Mitstreiter und dumme Buben

DiEM25 Will Yanis Varoufakis mit seiner Bewegung Erfolg haben, muss er potenzielle Verbündete integrieren, anstatt sie zu verprellen
Ausgabe 13/2016
Warum soll eine linke Bewegung nicht auch mal cool aussehen?
Warum soll eine linke Bewegung nicht auch mal cool aussehen?

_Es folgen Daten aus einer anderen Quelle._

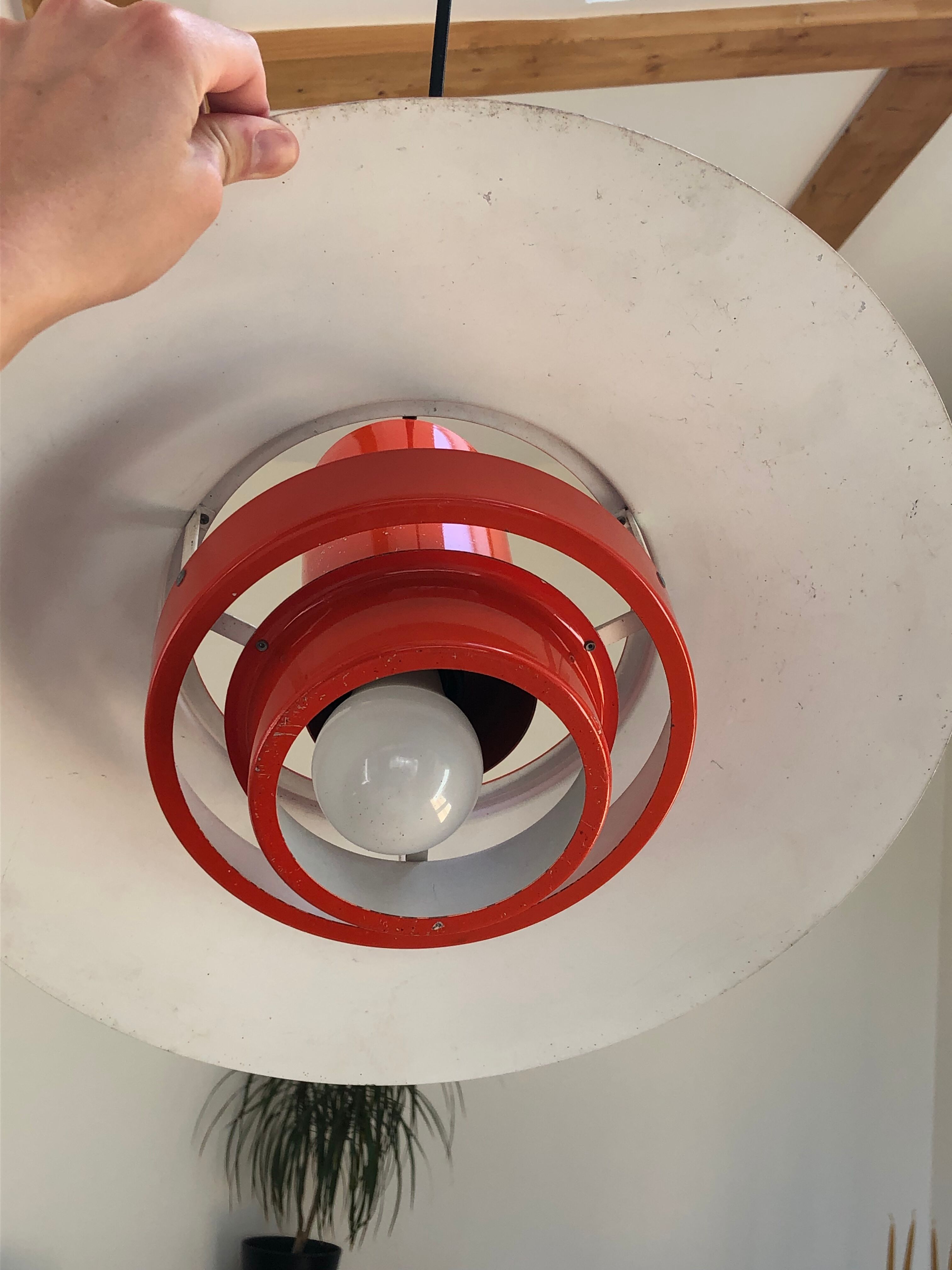 Scandinavian pendant lamp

Foto: Christopher Furlong/Getty Images

Nicht jeder versteht ihn. Wenn Yanis Varoufakis zu schwungvollen, mäandernden Suaden über Europas Ökonomie anhebt, dann verlieren viele schon nach der zweiten Abzweigung den Faden. So auch jetzt wieder in Rom, wo seine europäische Demokratiebewegung DiEM tagte. Wo, um Himmels willen, sollen die gigantischen Investitionen herkommen, die Europas kleptokratische Kranke-Männer-Staaten Griechenland, Italien, Spanien und so fort heilen könnten? Und was, verflixt, ist ein „green new deal“, wenn es da nie um Klima, Kohle und Kraftwerke geht? Aber egal, Varoufakis ist eben sexy. Wann gab es das zuletzt, dass ein Linker nicht nur komplizierte ökonomische Vorträge halten, sondern auch Motorrad fahren und Piano spielen konnte? Yanis Varoufakis ist eine charismatische Leitfigur.

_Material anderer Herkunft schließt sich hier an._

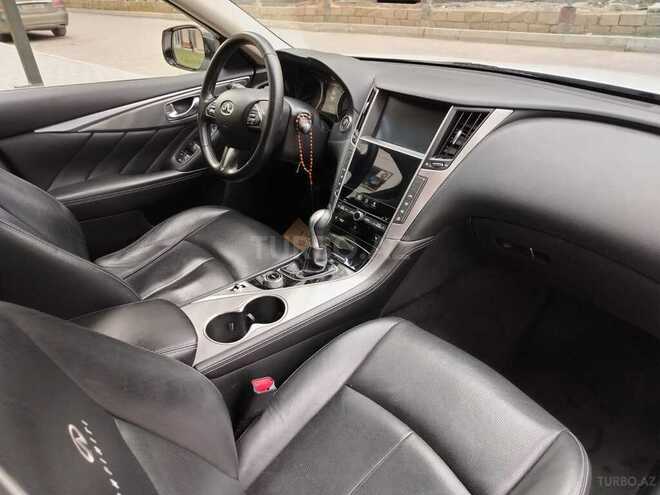 Infiniti Q50-8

Und der Mann, der sich mit den Finanzministern derart balgte, dass dieses Finanzeuropa zu zerbrechen drohte, ausgerechnet dieser Mann ist ein Europäer. Man mag sich darüber mokieren, dass Varoufakis vor allem (per Stream zugeschaltete) Superprominente wie Julian Assange und (stets anwesende) linke wie attraktive Frauen um sich schart. Aber warum soll eine linke Bewegung nicht auch mal gut aussehen?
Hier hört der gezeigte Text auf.